I want to thank all the DISers and followers that have followed my Disneyland trip report thread for all the years. I have enjoyed writing these trip reports on this thread and it will still continue on the next new thread.


----------



## PrincessInOz

Dang!  I was sure I commented after you posted the beautiful pictures inside HM; especially of the Oogie Boogie.  

The pictures were great and I wondered whether you were feeling more settled with the new lens.


Sad that another trip has finished; but knowing you, I bet you have a few in the works and will be posting your updates again soon.

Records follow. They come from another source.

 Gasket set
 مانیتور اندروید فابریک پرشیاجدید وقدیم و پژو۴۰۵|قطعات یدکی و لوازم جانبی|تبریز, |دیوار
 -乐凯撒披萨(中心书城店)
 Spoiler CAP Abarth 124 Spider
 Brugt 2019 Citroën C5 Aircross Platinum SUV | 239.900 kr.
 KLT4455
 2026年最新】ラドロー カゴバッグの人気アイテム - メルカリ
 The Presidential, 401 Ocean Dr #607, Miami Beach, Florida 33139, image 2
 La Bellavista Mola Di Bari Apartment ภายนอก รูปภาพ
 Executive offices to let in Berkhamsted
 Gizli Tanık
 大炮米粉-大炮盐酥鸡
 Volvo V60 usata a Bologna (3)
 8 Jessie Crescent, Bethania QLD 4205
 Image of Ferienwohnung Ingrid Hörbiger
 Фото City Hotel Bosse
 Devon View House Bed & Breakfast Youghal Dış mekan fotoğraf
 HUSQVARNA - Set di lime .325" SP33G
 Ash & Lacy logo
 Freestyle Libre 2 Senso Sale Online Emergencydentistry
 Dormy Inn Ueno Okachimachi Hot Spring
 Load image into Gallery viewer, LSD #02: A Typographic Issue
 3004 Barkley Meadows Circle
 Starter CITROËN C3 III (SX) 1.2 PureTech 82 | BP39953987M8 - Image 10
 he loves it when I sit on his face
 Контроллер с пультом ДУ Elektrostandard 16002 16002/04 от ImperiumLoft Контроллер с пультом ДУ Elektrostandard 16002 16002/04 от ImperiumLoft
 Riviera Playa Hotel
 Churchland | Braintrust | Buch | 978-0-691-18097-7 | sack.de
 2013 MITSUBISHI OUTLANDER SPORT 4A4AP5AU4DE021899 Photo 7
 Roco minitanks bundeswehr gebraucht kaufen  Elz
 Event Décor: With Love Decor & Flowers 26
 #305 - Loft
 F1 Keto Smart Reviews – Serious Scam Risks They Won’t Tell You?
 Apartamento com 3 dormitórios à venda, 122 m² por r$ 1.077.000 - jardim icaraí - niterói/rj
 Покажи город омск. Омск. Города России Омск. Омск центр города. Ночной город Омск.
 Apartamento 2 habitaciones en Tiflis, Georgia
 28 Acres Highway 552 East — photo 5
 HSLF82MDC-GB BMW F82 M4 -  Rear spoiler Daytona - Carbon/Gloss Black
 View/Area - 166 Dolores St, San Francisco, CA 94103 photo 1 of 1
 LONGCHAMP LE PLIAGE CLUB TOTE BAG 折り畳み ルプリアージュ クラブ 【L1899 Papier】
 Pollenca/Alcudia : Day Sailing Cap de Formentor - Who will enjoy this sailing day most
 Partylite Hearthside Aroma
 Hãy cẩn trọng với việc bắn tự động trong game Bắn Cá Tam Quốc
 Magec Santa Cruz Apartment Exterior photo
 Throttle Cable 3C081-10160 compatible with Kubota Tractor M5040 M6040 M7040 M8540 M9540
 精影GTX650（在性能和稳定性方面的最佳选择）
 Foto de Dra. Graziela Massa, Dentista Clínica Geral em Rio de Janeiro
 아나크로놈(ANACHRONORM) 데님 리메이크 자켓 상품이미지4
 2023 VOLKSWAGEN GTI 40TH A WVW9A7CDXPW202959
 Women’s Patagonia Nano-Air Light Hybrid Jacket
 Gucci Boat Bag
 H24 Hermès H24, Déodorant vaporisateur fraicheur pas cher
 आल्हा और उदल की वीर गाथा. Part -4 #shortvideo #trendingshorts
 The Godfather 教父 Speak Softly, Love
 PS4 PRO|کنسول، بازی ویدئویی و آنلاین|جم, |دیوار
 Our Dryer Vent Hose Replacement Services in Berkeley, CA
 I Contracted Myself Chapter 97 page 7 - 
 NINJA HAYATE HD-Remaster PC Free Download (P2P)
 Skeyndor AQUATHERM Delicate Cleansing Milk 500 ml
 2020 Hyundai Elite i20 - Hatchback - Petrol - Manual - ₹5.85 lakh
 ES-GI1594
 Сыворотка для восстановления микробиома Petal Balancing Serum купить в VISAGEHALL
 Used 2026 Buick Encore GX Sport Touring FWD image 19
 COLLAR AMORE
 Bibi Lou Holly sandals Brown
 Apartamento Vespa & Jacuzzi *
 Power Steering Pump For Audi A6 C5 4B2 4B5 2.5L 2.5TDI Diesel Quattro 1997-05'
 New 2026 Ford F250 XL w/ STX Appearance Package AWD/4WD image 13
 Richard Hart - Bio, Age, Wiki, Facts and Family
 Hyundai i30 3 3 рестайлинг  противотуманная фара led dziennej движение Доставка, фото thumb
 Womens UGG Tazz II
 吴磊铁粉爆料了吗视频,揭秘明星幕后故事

One of these visits, I'm going to have to head to Little Tokyo in LA.

Thanks for sharing.


----------



## franandaj

It's always sad when the trip ends,  but at least you know another one coming up soon!


----------



## tksbaskets

What a great thread this had been.  Bret I enjoy your trip reports and hearing about your experiences and seeing your great pictures.

Please be sure to post when you start a new thread.  I won't want to miss it. 

TK


----------



## mvf-m11c

PrincessInOz said:


> Dang!  I was sure I commented after you posted the beautiful pictures inside HM; especially of the Oogie Boogie.
> 
> The pictures were great and I wondered whether you were feeling more settled with the new lens.
> 
> 
> Sad that another trip has finished; but knowing you, I bet you have a few in the works and will be posting your updates again soon.
> 
> One of these visits, I'm going to have to head to Little Tokyo in LA.
> 
> Thanks for sharing.



Thank you PIO. The Oogie Boogie picture on the HMH turned out really well this time around then the first time. It was nice that my DA went with me to ride the HMH again.

I felt more comfortable on the last day with the new lens. I learned a lot from the November trip that my pictures turned out very nice during the December trip. There were times where the pictures during the December trip were not as good as the November trip report. I am still learning to use the new lens and maybe the pictures will be nice during the next trip.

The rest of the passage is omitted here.